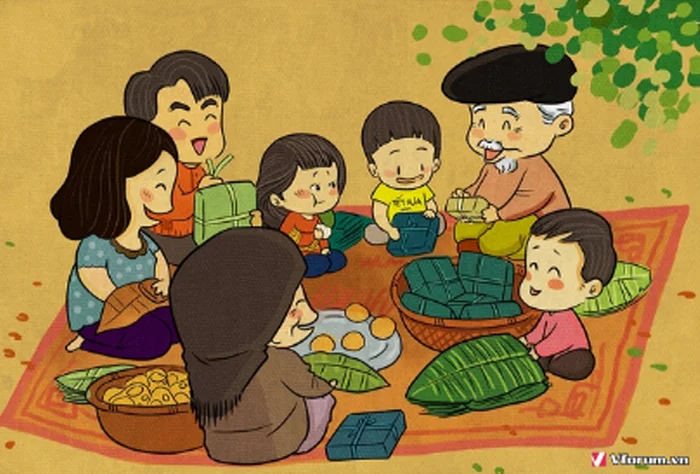 Gia đình cùng nhau gói bánh chưng ngày Tết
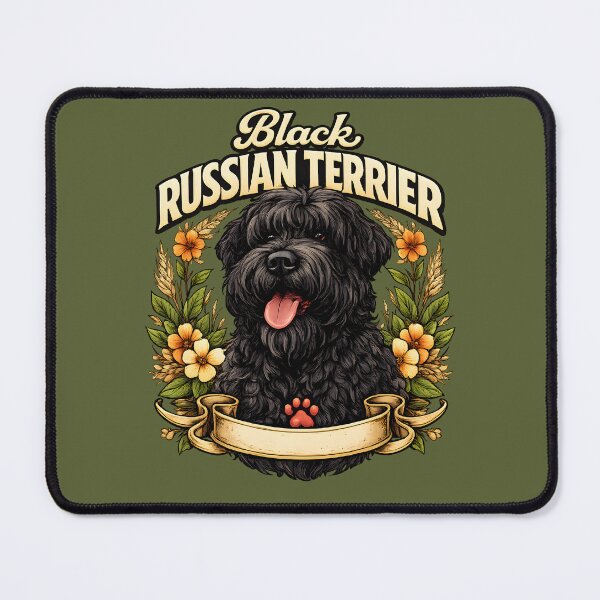 Item preview, Black Russian Terrier – Vintage Floral Dog Portrait designed and sold by blankTeeShirt.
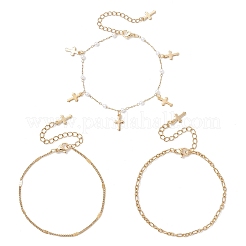 Round ABS Imitation Pearl Beaded Chains & 304 Stainless Steel Cable Chains Stackable Bracelets for Women&nbsp;BJEW-JB12452-03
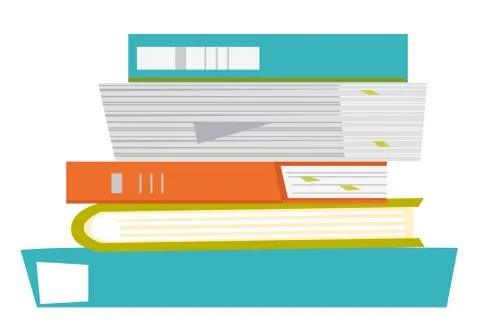 Stack of papers and folders vector illustration. 스톡 일러스트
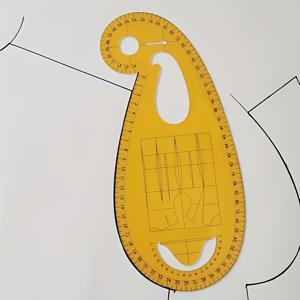 프렌치 커브, 어깨 구멍 및 발 측정 기능이 있는 전문 가발자 자, 정밀 절단 도구, 패션 , 가발자 및 학생에게 적합, 투명한 아크릴 소재, 의류 핏, 패턴 디자인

* **Problem to work on**
Skip every picture and return the lines above from the top through the one that contains "Stack of papers".

* **Expected answer**
 Gia đình cùng nhau gói bánh chưng ngày Tết
 Item preview, Black Russian Terrier – Vintage Floral Dog Portrait designed and sold by blankTeeShirt.
 Round ABS Imitation Pearl Beaded Chains & 304 Stainless Steel Cable Chains Stackable Bracelets for Women&nbsp;BJEW-JB12452-03
 Stack of papers and folders vector illustration. 스톡 일러스트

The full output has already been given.